The three sisters and me

So young. So full of dreams.
Recently, I suffered a tragedy. I was sitting on my sofa after lunch one Sunday, idly browsing on my laptop with the bright late-summer sun streaming through my fourth-floor windows. Here, up high like this, I get the sunshine in big dazzling floods right from the dawn chorus. It was a beautiful day. Suddenly and without warning an enormous gale-force gust of wind ripped through the air and whisked my windowbox off the windowsill and all the way down to smash on the tarmac below.

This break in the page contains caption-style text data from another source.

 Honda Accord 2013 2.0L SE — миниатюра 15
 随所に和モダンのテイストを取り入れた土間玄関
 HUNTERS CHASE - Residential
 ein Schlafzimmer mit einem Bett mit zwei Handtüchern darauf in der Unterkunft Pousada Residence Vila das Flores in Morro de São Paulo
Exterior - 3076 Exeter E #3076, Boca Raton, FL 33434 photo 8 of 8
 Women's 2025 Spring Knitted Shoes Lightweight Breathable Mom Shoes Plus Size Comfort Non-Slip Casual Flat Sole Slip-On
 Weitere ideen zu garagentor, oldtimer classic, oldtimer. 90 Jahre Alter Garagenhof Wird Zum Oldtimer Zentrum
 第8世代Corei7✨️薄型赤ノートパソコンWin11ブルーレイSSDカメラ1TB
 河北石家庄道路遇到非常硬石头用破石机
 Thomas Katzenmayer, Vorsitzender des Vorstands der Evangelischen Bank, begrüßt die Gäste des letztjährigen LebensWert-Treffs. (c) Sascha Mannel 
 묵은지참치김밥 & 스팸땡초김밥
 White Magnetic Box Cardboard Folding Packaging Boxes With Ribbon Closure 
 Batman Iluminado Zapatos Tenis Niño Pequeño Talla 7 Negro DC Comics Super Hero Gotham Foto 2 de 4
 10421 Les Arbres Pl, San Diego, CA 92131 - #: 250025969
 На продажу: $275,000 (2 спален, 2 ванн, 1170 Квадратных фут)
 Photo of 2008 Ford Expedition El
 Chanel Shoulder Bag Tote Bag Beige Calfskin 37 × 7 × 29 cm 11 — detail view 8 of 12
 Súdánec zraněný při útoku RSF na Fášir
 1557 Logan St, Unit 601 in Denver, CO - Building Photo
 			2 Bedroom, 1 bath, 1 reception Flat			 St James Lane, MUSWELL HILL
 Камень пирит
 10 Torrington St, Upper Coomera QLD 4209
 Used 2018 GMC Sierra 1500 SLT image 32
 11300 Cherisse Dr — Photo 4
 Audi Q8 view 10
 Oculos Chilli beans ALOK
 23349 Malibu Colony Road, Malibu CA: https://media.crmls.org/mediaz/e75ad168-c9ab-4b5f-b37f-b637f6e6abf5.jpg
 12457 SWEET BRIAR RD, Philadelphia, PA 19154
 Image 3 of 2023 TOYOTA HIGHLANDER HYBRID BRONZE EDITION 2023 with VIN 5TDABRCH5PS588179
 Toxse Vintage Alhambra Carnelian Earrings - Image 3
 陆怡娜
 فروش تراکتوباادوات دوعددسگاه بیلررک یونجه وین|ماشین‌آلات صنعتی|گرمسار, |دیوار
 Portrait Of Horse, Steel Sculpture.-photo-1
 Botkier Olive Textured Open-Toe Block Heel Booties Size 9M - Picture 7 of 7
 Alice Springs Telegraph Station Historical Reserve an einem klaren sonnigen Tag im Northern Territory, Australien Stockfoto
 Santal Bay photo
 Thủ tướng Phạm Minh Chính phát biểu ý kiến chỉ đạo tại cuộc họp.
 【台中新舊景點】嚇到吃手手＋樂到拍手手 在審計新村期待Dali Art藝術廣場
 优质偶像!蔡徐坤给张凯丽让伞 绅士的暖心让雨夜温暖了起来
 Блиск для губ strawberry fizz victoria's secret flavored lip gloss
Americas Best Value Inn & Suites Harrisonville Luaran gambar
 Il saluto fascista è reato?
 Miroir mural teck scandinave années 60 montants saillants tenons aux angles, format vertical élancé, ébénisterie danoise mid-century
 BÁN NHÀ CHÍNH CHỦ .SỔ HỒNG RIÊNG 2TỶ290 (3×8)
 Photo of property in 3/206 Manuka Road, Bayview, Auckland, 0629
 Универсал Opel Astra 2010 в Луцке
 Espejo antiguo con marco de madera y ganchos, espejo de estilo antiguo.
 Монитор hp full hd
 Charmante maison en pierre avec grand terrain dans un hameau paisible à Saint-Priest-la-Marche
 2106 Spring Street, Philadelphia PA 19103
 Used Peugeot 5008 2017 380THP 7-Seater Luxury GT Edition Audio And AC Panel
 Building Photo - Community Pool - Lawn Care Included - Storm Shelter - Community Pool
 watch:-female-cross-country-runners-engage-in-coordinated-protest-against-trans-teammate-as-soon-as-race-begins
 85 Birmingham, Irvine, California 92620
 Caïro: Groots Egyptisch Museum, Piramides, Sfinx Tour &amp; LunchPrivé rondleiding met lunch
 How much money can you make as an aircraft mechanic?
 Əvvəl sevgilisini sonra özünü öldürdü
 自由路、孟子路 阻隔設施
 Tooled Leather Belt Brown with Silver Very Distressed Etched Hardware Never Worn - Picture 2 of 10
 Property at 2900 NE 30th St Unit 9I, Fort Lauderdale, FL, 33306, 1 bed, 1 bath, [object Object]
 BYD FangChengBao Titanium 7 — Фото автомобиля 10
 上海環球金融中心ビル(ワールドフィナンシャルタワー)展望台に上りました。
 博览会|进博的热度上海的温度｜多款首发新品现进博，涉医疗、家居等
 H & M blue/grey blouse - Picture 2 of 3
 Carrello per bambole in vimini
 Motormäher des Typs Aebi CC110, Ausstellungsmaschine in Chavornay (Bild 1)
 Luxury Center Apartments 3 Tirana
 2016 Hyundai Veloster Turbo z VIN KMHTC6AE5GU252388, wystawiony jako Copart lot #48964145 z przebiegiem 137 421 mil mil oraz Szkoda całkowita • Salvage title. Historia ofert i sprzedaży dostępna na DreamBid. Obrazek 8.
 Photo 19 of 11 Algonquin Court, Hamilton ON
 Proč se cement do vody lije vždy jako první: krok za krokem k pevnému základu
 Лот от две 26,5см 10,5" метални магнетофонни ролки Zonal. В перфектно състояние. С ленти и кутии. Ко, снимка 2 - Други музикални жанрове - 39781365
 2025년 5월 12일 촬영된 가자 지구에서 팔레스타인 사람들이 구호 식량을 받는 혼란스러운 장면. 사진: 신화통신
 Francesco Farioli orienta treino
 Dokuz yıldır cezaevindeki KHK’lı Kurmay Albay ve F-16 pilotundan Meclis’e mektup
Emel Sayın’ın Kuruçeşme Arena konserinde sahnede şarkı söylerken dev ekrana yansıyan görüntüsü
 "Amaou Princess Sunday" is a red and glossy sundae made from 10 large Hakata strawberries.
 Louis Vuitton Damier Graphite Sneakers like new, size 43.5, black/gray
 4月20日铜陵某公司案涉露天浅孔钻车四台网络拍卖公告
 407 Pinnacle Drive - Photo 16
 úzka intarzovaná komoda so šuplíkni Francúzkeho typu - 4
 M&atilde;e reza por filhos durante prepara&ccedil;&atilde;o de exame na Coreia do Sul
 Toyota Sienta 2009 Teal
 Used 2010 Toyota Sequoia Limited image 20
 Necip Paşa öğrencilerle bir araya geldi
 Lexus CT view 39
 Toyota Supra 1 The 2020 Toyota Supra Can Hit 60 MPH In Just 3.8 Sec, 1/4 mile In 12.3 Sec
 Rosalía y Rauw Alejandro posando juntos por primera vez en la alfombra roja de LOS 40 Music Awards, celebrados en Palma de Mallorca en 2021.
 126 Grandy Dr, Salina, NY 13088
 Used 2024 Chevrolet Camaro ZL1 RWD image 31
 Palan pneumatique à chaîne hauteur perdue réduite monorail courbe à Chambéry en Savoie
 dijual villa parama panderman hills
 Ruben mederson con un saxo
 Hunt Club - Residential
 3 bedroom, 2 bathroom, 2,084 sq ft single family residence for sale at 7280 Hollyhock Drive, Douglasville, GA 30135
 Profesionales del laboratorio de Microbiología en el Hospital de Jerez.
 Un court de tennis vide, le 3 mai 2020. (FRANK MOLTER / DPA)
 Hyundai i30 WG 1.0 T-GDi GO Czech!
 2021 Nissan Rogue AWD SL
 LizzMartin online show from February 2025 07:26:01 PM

I leapt to the window with a forlorn wail. I looked down. A scattered heap of compost, basil leaves and bits of ‘shrub-green’ plastic, and in between the strewn debris, all my beautiful not-yet-ripe tomatoes, split open like tiny burst balloons. But that was not the worst part. The worst part was when I ran down the stairs and at the bottom, to greet me, were the Schlössers.
The Schlössers are three sisters who live in and own my building, and are so old they trail dust behind them as they walk. The eldest Schlösser probably remembers the days when this block of flats was just a beaverskin yurt. They seem to spend an inordinate amount of time drifting around together in a sort of pastel-coloured shoal, talking in quiet voices and going in and out of each others’ apartments; the main flat on the ground floor is evidently their headquarters, as I always seem to catch them going inside and closing the door whilst fixing their narrowed eyes on me as it creaks shut. To protect them from the constant and palpable danger that surrounds, the main flat is fortified like a Viking defense turret: every evening at sunset a set of mechanised steel shutters grind closed over the windows and the front door has one of those slide-open barred spyholes like in a jail, so that when you pop by to pick up a parcel they can crack it open and glare at you once again with those suspicious little peepers. 

IIt’s a bit like living among the enchanted paintings in Hogwarts. You think you are alone in the stairway only to suddenly notice a faded ancient figure poised behind you,  going ‘I hope you remembered to lock that gate…’. And so, there I was stood in front of the wreckage of my windowbox, whimpering quietly, when I noticed the Schlössers hovering behind me, tutting in dismay. ‘Junge Dame, that could have KILLED SOMEONE!!’ I nodded sadly. ‘You will of course clean it up immediately.’ I nod again. ‘And you will never EVER place a windowbox on the sills of our building again.’ My heart fractured a little bit. At this point one of the other sisters looks at the heap and goes, ‘Tomatoes, hm? Shame,’ in a tone that suggests she feels nothing but disgust at the very idea of tomatoes. And then I started scooping up handfuls of basil shreds and soil as the Schlössers walked back to their fortress. And then the clouds opened and suddenly I had become a soaking wet idiot ferrying shovelfuls of mixed herbs and mud around in an apartment-block courtyard. 
The next day I found a beautiful hand-written letter in my postbox from the Schlössers confirming that I was now forbidden from ever growing anything on my windowsill and that another letter detailing this and my heinous crime had been sent to the landlords.
Ever since, the Schlössers have been watching me extra-carefully. The other day I came through the massive heavy gates at the front of our building and they decended on me like a pack of albino ravens falling upon a dead rat in a graveyard. ‘WHY DIDN’T YOU LOCK THE GATE!?’ ‘?…because it wasn’t locked before I’m sorry I’m so so sorry,’ I whimpered. ‘If you leave the gate open the drunk men come in here and piss everywhere!!’ Pastel coloured cardigans twitched with rage. 
There’s no moral to this post. Just as there’s nothing to be done about the silver-haired gestapo who patrol our stairwell. We all live in fear. Watching for narrowed eyes peeping through the net curtains.